All parts are parts by virtue of their relation and contribution to the whole.  Each part is not the whole per se. A living being must adapt to the dynamic needs of the whole as a drop in the ocean. A wave, while an important contributor, cannot be understood without considering its relationship and contribution to the whole.  Each part must adapt, sacrifice, and purify itself in order to fit itself intelligently to the dynamic conditions of the whole.

What must we sacrifice for the benefit of the whole? We must let go of our limited attitudes and loosen the consolidating tendencies of the lower ego, which focuses on the pursuit of pleasures and the avoidance of pain.  This ego must be put in its proper place obeying one’s self-appointed duty, one’s svadharma. As the Bhagavad Gita tells us, we must renounce “the fruits of action”.  Desire can be uplifted and refined to allow us to perceive and act from our higher triad—Atma, Buddhi, Manas. Otherwise the dis-ease of separateness sets in. Personal beliefs and illusions coalesce. We are alienated and ultimately disconnected from the life giving higher energies, which emanate from the transcendent Atman.

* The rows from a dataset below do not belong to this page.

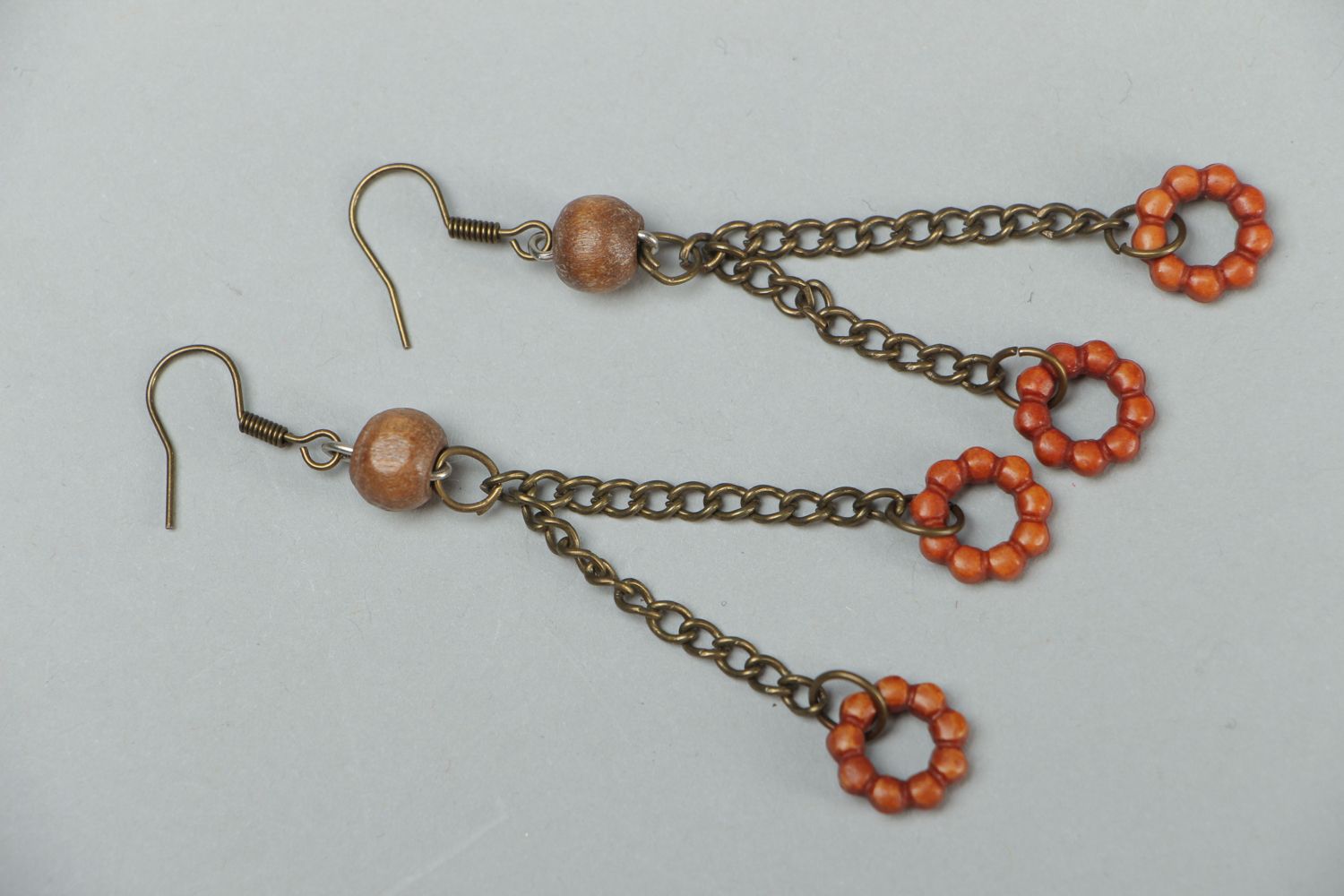 Handmade metal earrings with wooden beads photo 1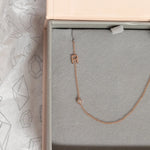 A Monogram Necklace with Diamond Rose Gold and a letter R charm in a Maya Brenner jewellery box. 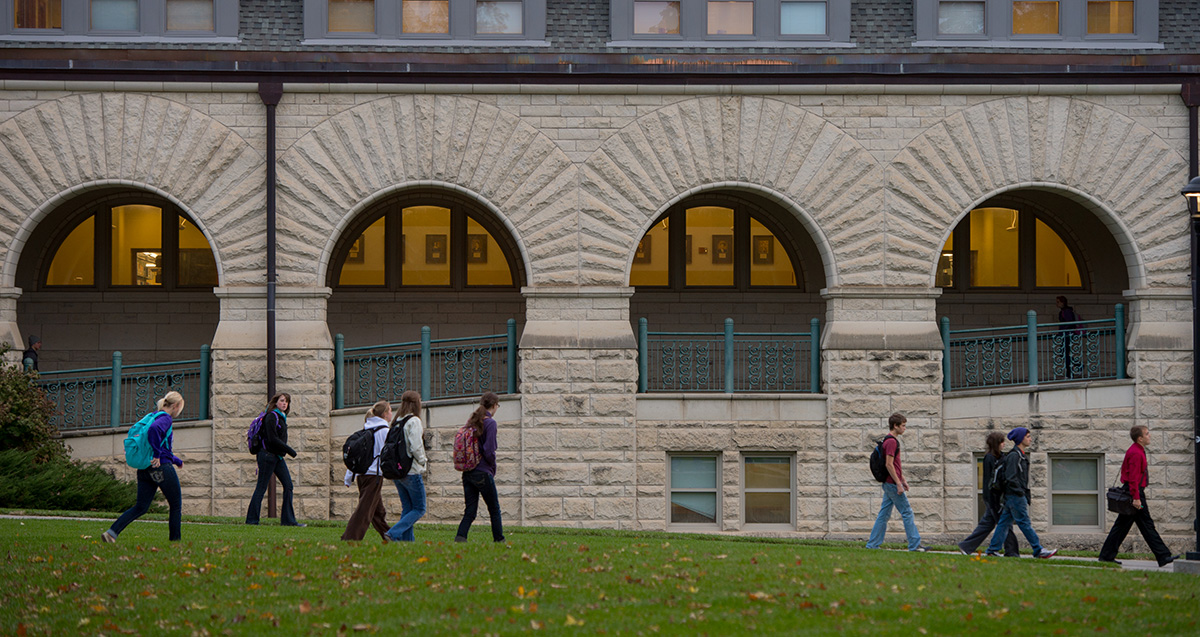 Six college students walk on a cement path through a lawn in front of a large limestone library with arches.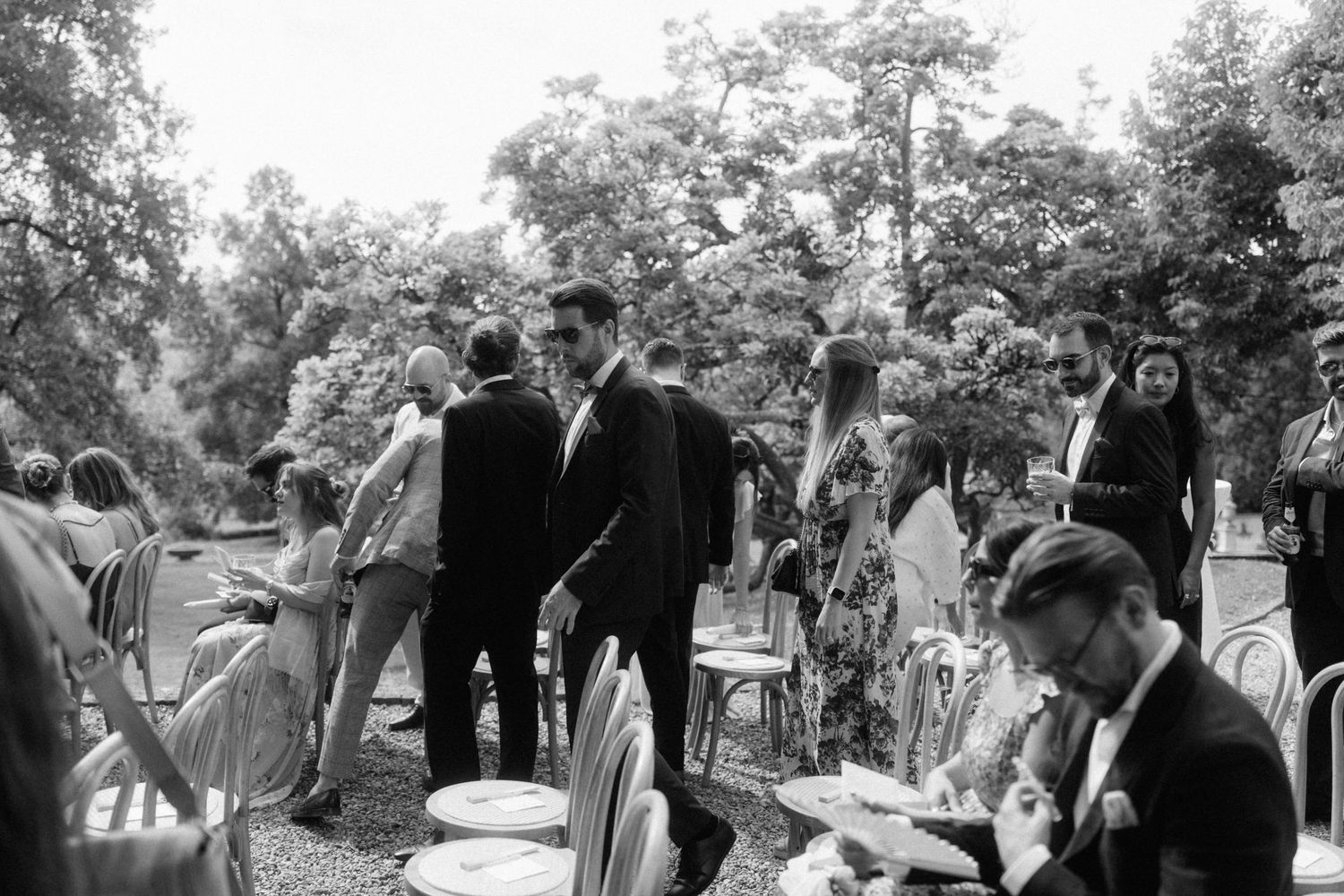 Black and white outdoor wedding reception with elegantly dressed guests mingling among chairs and lush trees.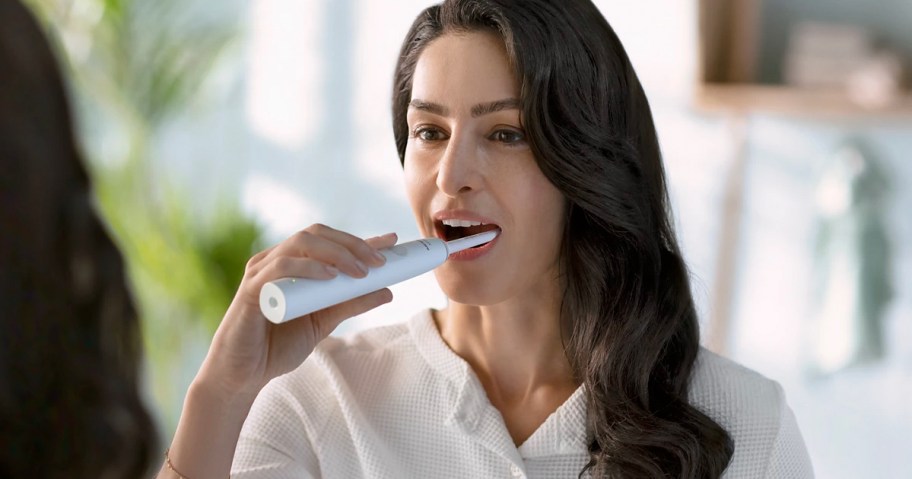 woman using white sonic care toothbrush 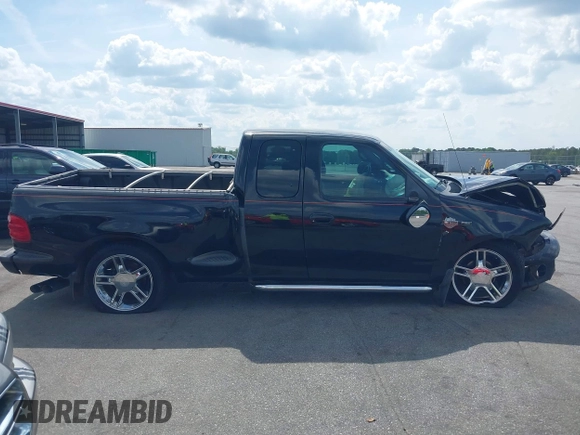 2000 Ford F-150 XL z VIN 2FTRX07L9YCA98355, wystawiony jako IAAI lot #42123587 z przebiegiem 191 000 mil mil oraz . Historia ofert i sprzedaży dostępna na DreamBid. Obrazek 13.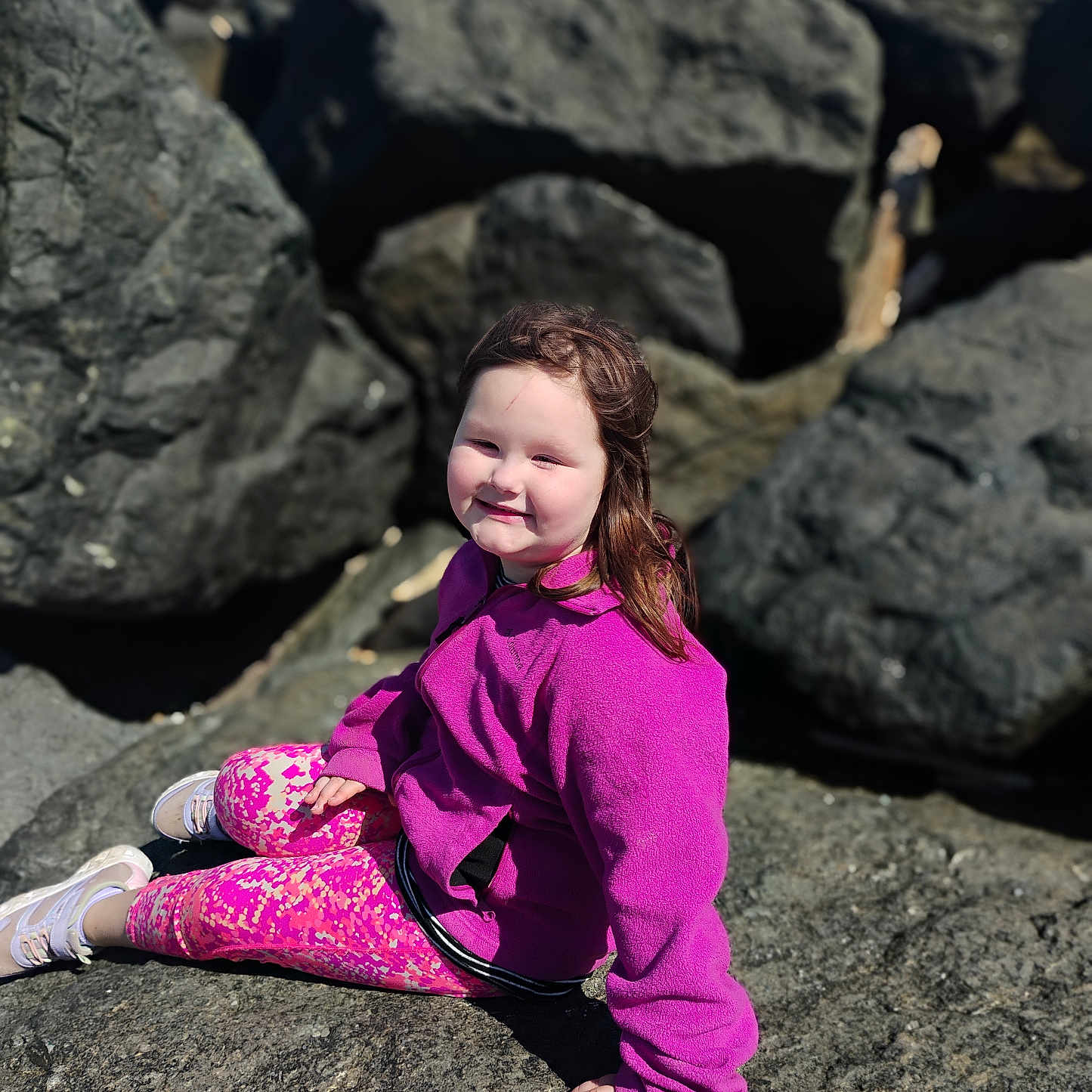 Rubie Jean is registered to the contest to win money with this photo: blue_sky, casual_clothing, child, daylight, hair, happy, nature, outdoor, patterned_leggings, person, pink_jacket, portrait, relaxing, rocks, scenery, shoes, sitting, smile, sunny, young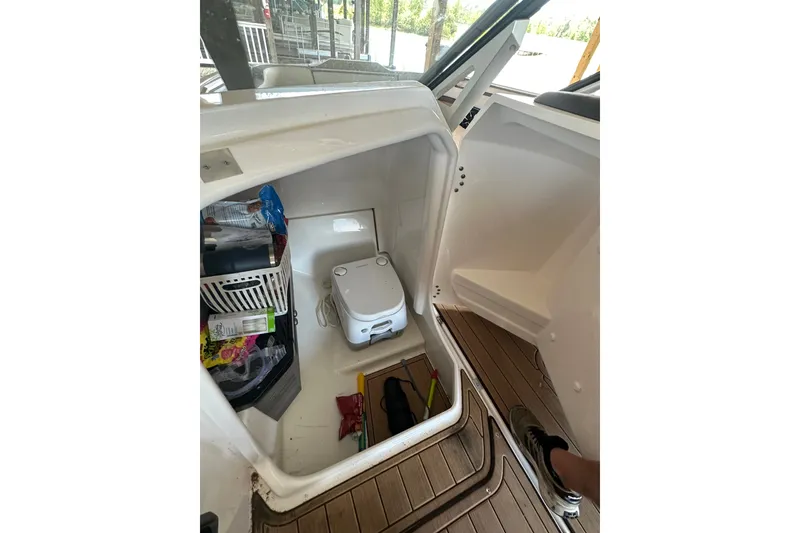 Slide: The Image of Storage compartment in 2023 Yamaha Boats 275SDX, featuring organized supplies and equipment. - 7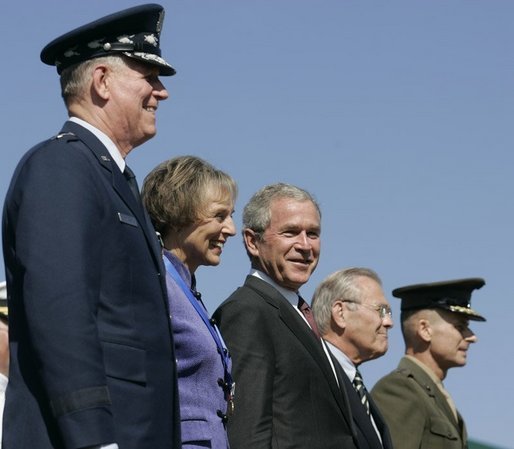 General Richard B. Myers, Mary Jo Myers, President George W. Bush, Secretary of Defense Donald Rumsfeld, and General Peter Pace, observe the March in Review, the Joint Service Medley and the Flyover during the Chairman of the Joint Chiefs of Staff change of command, Friday, Sept. 30, 2005, at The Armed Forces Farewell Tribute in Honor of General Richard B. Myers and Armed Forces Hail in Honor of General Peter Pace at Fort Myer's Summerall Field in Ft. Myer, Va. White House photo by Shealah Craighead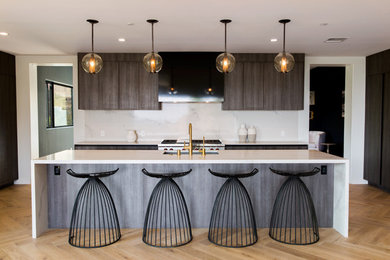 Inspiration for a large modern u-shaped light wood floor and brown floor open concept kitchen remodel in Los Angeles with an undermount sink, flat-panel cabinets, dark wood cabinets, marble countertops, gray backsplash, glass sheet backsplash, stainless steel appliances, an island and white countertops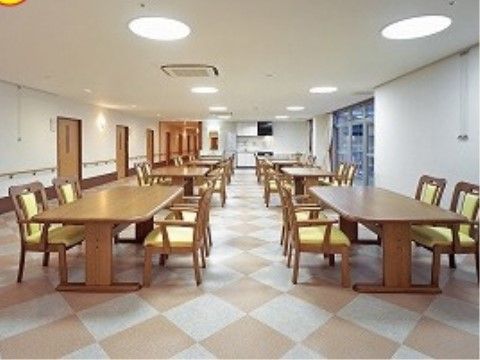 「ケアホーム ディア・レスト岩国」の食堂・デイルーム。チェック柄の床に、4人一テーブルになっている。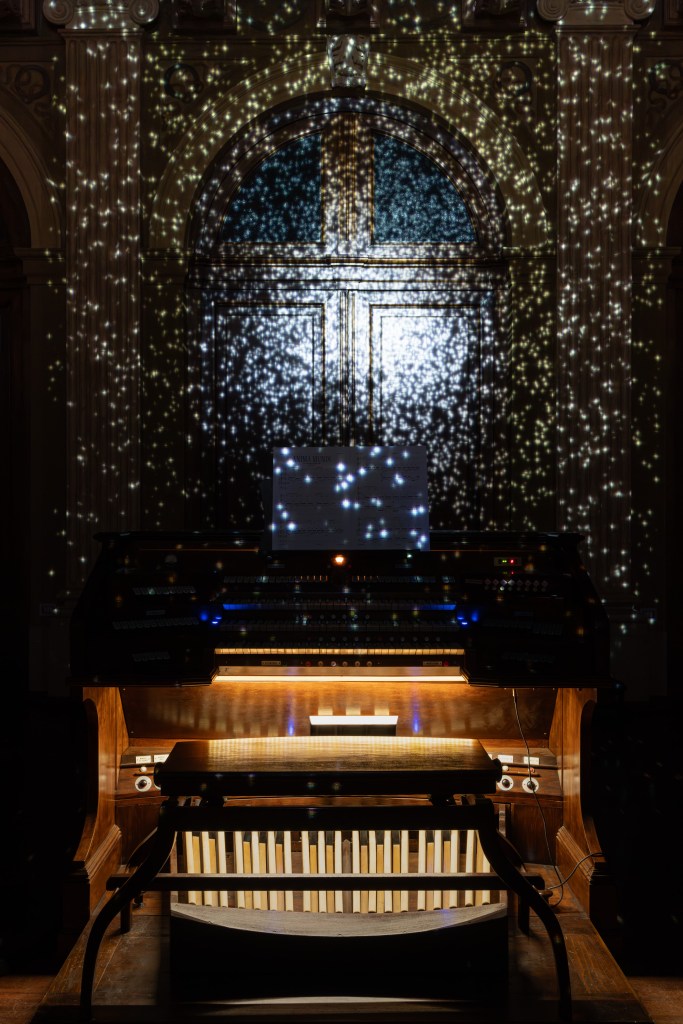 An organ with projected images in front of it.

  1. Harmony is the law of life, discord its shadow; whence springs suffering, the teacher, the awakener of consciousness. 

When our thoughts and actions are separative we act against the fundamental law of Harmony. This brings about discord, harmony’s shadow, giving rise to suffering. Karma, the law of ethical causation and the restorer of equilibrium, may serve as our teacher to awaken consciousness.

But what is the consciousness that learns from suffering?  Human beings have degrees of choice.  If our consciousness is trapped in the lower principles, especially kama manas, error can be accompanied with blame and discord, an “us vs them” mentality ensues allowing us to avoid and externalize responsibility.  By recognizing our basic human solidarity and by meditating on our higher triad—Atman, Buddhi, Manas, we may calmly take responsibility for error (to err is human).  We can focus on possible Karmic causes for our motives, actions and identifications. We can initiate new causes in the form of new streams of thought and more harmonious thoughts and actions without reifying the past.  With humility, we can embrace the pain evoked by loss or discord to earnestly rethink presuppositions, governing values, and means of action for the purpose of self-reform. This enhances mutual culture.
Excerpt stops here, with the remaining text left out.